Lorsque avec ses enfants vêtus de peaux de bêtes
Echevelé, livide au milieu des tempêtes,
Caïn se fut enfui de devant Jéhovah,
Comme le soir tombait, l’homme sombre arriva
Au bas d’une montagne en une grande plaine…

Et mon père complète les quelques vers suivants de ce long poème de Victor Hugo, « La conscience », que mon fils lui récite, devoir d’école de 5°, et qui s’achève par ce vers célèbre: « L’œil était dans la tombe, et regardait Caïn », dont j’apprends ainsi la source!

C’est ainsi: mon père a une culture littéraire française époustouflante, largement supérieure à la mienne, qui ai pourtant accompli presque toute ma scolarité en France. Mon père connaît ainsi des dizaines de poèmes par cœur, que dis-je, des centaines, récite une fable de la Fontaine en plein cœur d’un repas familial, pour illustrer tel propos, quelques vers de Verlaine, vous cite comme ça en conversant une phrase fameuse de Châteaubriant.

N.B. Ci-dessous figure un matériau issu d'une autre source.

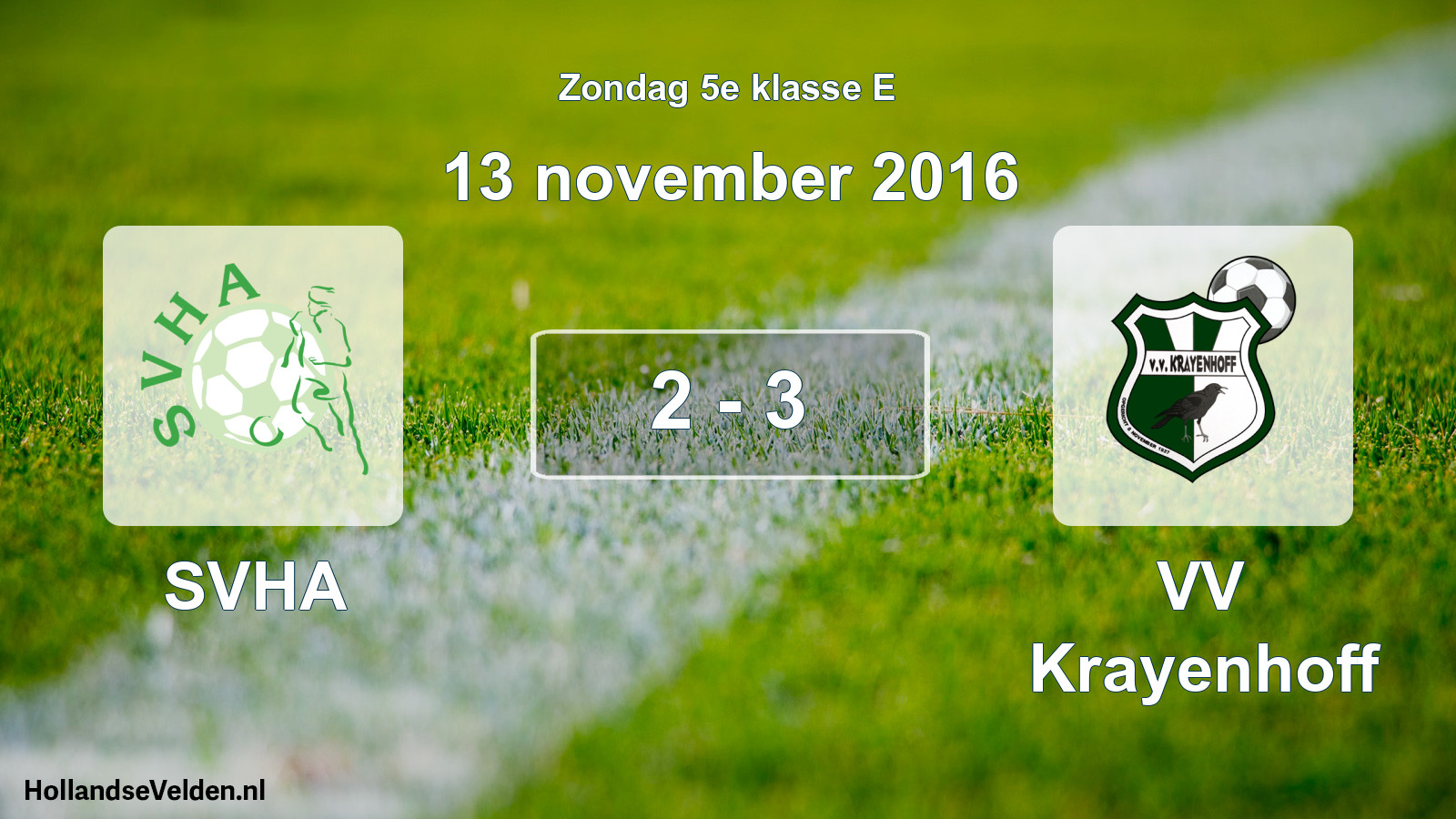 Total number of matches played: SVHA - VV Krayenhoff 2 - 3 (13 November 2016)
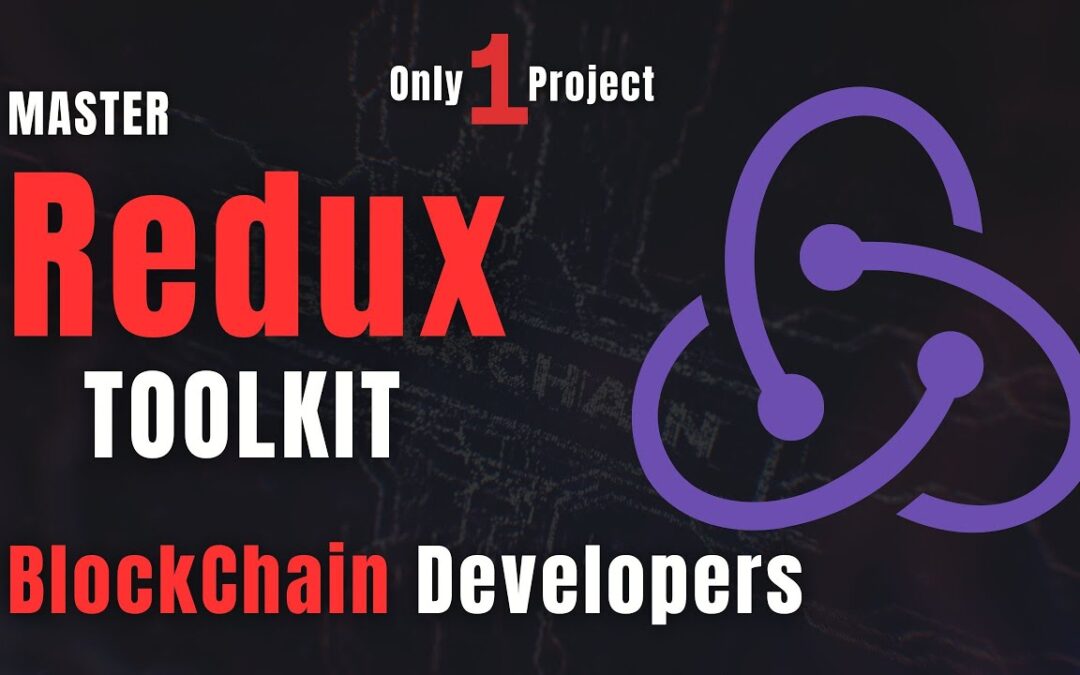 Master Redux Toolkit for Blockchain Development: A Complete React Redux Toolkit Project in 2023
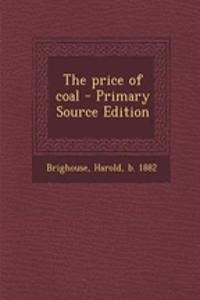 The Price of Coal - Primary Source Edition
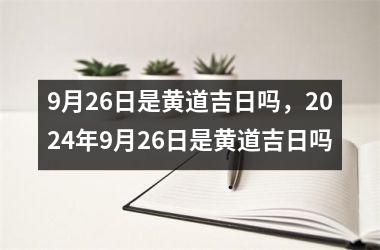 9月26日是黄道吉日吗，2024年9月26日是黄道吉日吗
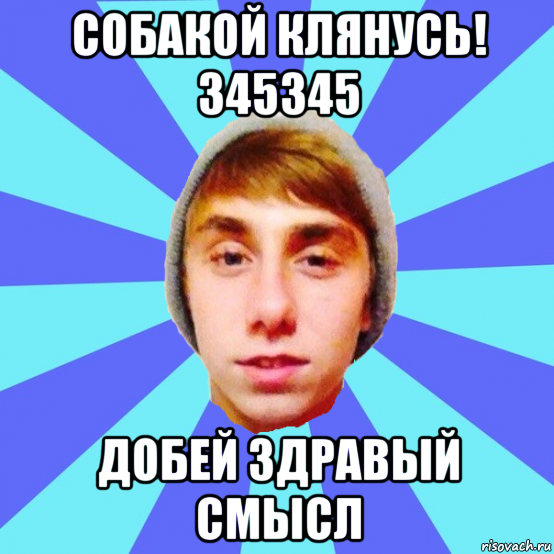 собакой клянусь! 345345 добей здравый смысл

Lorsqu’il a émigré, deux fois successivement, d’Egypte au Liban d’abord, puis du Liban en France, mon père a emmené peu d’objets personnels avec lui. Mais il a emmené à chaque fois ses livres, qui l’ont suivi jusque dans notre appartement de banlieue, où, sans fausse modestie mais sans nous vanter car ce n’est là qu’une observation relevée, nous possédions déjà, en arrivant, bien plus de livres que bien des voisins français pourtant installés là depuis de longues années.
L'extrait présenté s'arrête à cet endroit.